Abstract:
Aliyun E-MapReduce information
-
New features:
- EMR Hadoop cluster will add Flink component, version 1.4.0
- EMR Kafka clusters will add Schema Registry and Rest Proxy components
information
- This article mainly reviews the big data related projects promoted to Apache Top-level Project (TLP) in 2017, including Apache Beam (next-generation big data processing standard), Apache Eagle (Distributed Real-time Hadoop Data Security solution), Apache Ranger (Unified Authorization Management Framework), Apache Metron (Real-time Network security Detection framework), Apache SystemML (declarative machine learning platform optimized for big data), Apache CarbonData (Column Storage file Format), Apache Fluo (Large-scale Incremental Processing System), Apache DistributedLog (High performance Distributed Replication Logging System), Apache MADlib (SQL based extensible machine learning library), Apache RocketMQ (distributed messaging and streaming data platform), Apache Impala (new generation open source big data analysis engine), Apache Trafodion (transaction database engine based on Hadoop platform).
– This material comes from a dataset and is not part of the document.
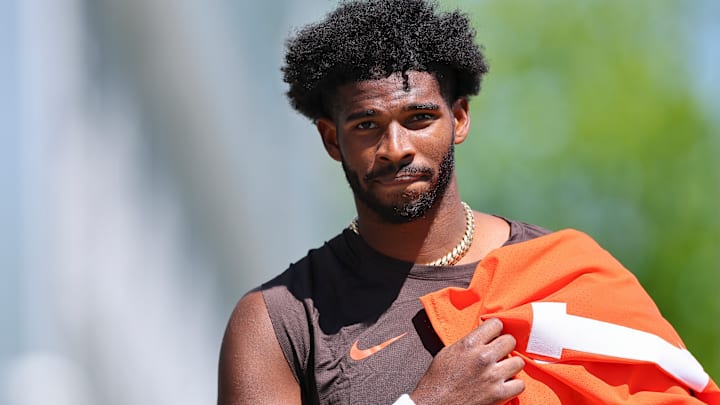 Cleveland Browns Rookie Minicamp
- Government data applications classic case | jiangxi teachers quality monitoring, evaluation and big data service platform Improve the education quality guarantee system Teachers in jiangxi province quality monitoring, evaluation and big data service platform, around the classroom teaching of primary and secondary schools in jiangxi province behavior assessment, to provide technical support for teacher quality dynamic monitoring, construct a scientific system of teachers’ quality assessment and diagnosis, It provides scientific decision-making basis for the government and schools to optimize the construction of teachers.
- Relying on big data platform to realize tax preferential policies in Chongqing, there are many enterprises like Digital City Technology company that enjoy tax preferential dividends. Chongqing Local Taxation Bureau gives full play to the supporting role of tax preferential policies, relying on the big data platform, focuses on promoting the precise implementation of tax preferential policies such as additional tax deduction for r&d expenses of high-tech enterprises, and wins the “addition” of enterprise development and economic structure transformation by tax “deduction”.
technology
- How to use ali Cloud SLS plug-in function and EMR to carry out mysqlbinlog quasi-real-time transmission.
- With the explosive development of Internet, IT, big data and other technologies, enterprise systems produce a large amount of burst data. For service data stored in the database, it can be synchronized and dropped to any sink end in real time without invasion through the logging mode of DBus data bus +Wormhole streaming processing platform for downstream system analysis. The log data generated by the business system contains many information, such as high and low business peaks, user traces, system exception/error messages, call chains, etc. It also contains priceless treasure. Some companies output information they want to monitor and track in anzhi data through burying points and other methods and means, so as to provide objective data support and make more efficient and accurate decisions.
- SparkRDMA: The SparkRDMA ShuffleManager developed and open-source by Mellanox Technologies uses the RDMA technology to Shuffle data on Spark. Instead of standard TCP. In the test results, the Shuffle data using RDMA is 2.18 times faster than the standard method!
- Performance comparison between Flink and Storm This paper compares the performance of the two frameworks, and provides suggestions and data support for resource planning, framework selection and performance tuning decisions of real-time computing platform and Flink platform construction, as well as certain reference for subsequent SLA construction.